A ‘selfless’ Albertson man is mourned at service

A ‘selfless’ Albertson man is mourned at service

In eulogizing Dean LaLima during the Mass of Christian Burial in the Church of St. Aidan last Friday morning, LaLima’s friend Craig Biscone called him a “selfless man” who always focused on what he could do for others.

“He always contemplated what he could do for other people,” Biscone said of the lifelong Albertson resident who was killed in an early morning hit-and-run accident in Williston Park on Aug. 12. “Deano was a masterpiece. He cannot be replaced. Losing him was far too sudden and tragic.”

Biscone, the attorney for Grimaldai’s Pizza in Garden City, said he originally got to know LaLima as the manager of the restaurant that LaLima was devoted to serving.

“Grimaldi’s was his life. He was Grimaldi’s,” Biscone said. “Everybody got the royal treatment when they went into his place.” 

The 41-year-old LaLima was struck and killed on his way home from work at Grimaldi’s. Raymond Kalenka, 45, of 86 Yale Street in Williston Park, was later arrested and charged with leaving the scene of an accident with death. Kalenka was released after posting $25,000 in cash for bail at his arraignment in 1st District Court in Hempstead on Aug. 15 and is due back in court on Oct. 18.   

Father Steven Pietrowski, the pastor of St. Anne’s in Brentwood, presided at the mass. He said he had known the LaLima family from the time he spent serving in St, Aidan parish.

He recalled a night when he got ill at Grimaldi’s while LaLima was working and LaLima wanted to take him to the hospital.

“Dean was ready to drop everything and take me to the emergency room,” Pietrowski recalled.

He sought to comfort LaLima’s family in the wake of the tragedy they suffered.

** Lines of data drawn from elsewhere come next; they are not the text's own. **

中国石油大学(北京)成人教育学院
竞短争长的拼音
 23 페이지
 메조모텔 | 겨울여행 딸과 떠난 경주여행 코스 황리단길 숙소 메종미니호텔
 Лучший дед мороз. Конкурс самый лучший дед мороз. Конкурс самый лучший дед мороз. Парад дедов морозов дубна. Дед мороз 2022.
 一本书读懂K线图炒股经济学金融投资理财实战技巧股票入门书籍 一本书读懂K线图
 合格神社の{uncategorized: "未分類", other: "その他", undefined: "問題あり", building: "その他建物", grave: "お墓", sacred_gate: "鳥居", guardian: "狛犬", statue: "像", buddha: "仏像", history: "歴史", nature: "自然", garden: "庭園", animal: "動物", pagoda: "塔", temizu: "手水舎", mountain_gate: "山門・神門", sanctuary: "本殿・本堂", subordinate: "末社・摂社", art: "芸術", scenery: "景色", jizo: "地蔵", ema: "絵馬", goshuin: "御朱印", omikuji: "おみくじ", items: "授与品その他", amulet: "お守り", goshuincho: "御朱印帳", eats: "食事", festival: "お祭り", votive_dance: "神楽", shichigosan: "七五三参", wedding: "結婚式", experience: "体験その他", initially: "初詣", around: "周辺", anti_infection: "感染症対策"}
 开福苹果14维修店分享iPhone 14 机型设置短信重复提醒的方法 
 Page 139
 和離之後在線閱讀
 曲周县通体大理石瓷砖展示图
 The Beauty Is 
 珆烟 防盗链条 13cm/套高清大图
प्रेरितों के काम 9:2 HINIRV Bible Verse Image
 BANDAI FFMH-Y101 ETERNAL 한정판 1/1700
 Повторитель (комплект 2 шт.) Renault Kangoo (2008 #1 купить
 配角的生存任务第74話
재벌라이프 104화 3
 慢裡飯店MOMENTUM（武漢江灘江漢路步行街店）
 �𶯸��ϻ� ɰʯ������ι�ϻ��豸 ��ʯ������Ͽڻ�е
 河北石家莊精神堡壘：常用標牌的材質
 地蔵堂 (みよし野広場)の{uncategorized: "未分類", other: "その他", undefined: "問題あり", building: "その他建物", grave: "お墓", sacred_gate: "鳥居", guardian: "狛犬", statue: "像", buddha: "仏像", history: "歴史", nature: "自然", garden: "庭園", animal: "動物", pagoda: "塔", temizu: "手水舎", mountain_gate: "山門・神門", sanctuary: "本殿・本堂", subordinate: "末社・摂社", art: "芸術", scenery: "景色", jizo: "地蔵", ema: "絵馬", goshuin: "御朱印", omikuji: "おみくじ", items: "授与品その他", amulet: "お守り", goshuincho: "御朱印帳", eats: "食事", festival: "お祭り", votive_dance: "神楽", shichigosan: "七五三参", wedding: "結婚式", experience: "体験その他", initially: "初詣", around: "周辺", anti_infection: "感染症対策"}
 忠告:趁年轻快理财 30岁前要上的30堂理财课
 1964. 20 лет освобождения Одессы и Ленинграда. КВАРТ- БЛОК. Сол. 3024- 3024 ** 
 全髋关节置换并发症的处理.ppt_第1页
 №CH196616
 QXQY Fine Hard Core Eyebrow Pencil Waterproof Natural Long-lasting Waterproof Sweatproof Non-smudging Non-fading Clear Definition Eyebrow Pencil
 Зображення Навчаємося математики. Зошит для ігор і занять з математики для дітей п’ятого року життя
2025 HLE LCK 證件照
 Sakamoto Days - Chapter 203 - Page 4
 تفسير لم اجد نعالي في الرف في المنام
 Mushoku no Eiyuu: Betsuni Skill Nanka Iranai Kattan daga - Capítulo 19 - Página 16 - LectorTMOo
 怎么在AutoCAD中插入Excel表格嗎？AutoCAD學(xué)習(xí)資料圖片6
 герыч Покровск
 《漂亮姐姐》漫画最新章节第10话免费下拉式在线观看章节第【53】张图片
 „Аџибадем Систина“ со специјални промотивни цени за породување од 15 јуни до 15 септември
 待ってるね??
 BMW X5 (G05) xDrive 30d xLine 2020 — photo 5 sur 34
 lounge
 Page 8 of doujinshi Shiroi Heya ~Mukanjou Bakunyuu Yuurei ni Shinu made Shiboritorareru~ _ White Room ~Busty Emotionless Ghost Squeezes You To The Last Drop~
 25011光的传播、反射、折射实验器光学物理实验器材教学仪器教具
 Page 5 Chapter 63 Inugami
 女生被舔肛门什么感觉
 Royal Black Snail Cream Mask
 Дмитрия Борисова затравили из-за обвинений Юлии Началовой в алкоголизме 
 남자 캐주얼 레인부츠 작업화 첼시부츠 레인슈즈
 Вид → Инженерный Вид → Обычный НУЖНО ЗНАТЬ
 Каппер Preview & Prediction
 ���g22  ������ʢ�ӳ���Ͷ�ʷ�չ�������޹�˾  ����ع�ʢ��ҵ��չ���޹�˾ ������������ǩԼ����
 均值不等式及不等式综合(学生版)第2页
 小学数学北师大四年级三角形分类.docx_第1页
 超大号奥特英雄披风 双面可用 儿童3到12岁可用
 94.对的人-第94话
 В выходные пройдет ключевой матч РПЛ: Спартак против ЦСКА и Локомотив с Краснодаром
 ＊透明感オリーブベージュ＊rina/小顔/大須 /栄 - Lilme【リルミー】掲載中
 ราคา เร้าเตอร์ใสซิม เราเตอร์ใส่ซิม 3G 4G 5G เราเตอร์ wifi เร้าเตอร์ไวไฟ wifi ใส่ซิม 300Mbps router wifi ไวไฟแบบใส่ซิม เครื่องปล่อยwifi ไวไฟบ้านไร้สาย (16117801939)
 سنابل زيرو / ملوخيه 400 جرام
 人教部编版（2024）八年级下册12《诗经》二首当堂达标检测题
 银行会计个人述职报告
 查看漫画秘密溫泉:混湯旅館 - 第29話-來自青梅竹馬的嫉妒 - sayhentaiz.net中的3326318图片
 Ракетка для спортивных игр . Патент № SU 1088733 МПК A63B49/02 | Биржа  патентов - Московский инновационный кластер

“He’s just on the other side of life. He’s not that far away from us,” Pietrowski said. “God did not take Dean. But God received him.”

Friends and neighbors recalled the man who had grown up among them after the service.

Former Williston Park Village Justice Alan Reardon recalled when his sons and LaLima were altar boys together in the church where the funeral mass was held.

“He was a wonderful kid,” Reardon recalled.

Bob Mitchell, president of the Williston Park Civic Association, was the scoutmaster of Boy Scout Troop 200 in Williston Park when LaLima achieved the rank of Eagle Scout.

“Dean was an exceptional kid. He did a lot for the community,” Mitchell said. “He was a kid who could guide the adults.”

Ken Morgan was LaLima’s merit badge counselor and remembered the deep friendship his son David shared with LaLima as Boy Scouts.

“Dean was one of the nicest kids I ever knew. He worked awfully hard,” Morgan said. “It meant so much for him to be an Eagle Scout. He always had the time for others.”

LaLima’s sister, Robynelaine Kostulias, remembered how much her brother enjoyed scouting, something he shared with their father, John, a retired New York City firefighter who was assistant scoutmaster in his son’s troop.

“He loved everything to do with camping and scouting,” Kostulias recalled.

She said she and her older brother were very close growing up in Albertson. 

“He took care of me,” she said.

He attended St. Aidan School through the eighth grade and was still attending St. Mary’s High School in Manhasset, where he eventually graduated, when he started working at the Riverbay Restaurant as a bus boy.

Kostoulias recalled that her brother worked at a succession of area restaurants, including the Ruby Room, Cold Fish and Luigi’s, before eventually becoming manager of Grimaldi’s in 2004.

“Every restaurant he was at, he was the go-to guy,” she said, describing him as a “workhorse” who had “worked more hours than he should” there after his close friend Russell Ciolli, Grimaldi’s owner, died suddenly one year ago.

“I think the restaurant business was his passion,” Kostoulias said. “If he had an ounce of influence for making a special occasion that, that made him happy.”

She recalled her brother’s way of greeting regular customers at Grimaldi’s with a hug and said, “They came back for that greeting, that love.”

LaLima was godfather for her two oldest sons, Nicholas and Jesse, and “showed up for all the things that mattered,” his sister said, recalling that he once closed Grimaldi’s to hold a baby shower for her there.

He was present for the birth of her three sons and she recalled that he would bring pizza and cannolis for the hospital staff.

“He was awesome. He’s going to leave a huge hole for a lot of people,” Kostoulias said.

Along with his sister, Robynelaine, LaLima is survived by his three nephews, Nicholas, Jesse and Steven Kelly, his parents, John and Janis, two uncles, Robert and Bob, and two cousins, Megan and Matthew.

The mass at St. Aidan was followed by an interment at Holy Rood Cemetery.

In lieu of flowers, the family requested memorial donations to the North Shore Animal League.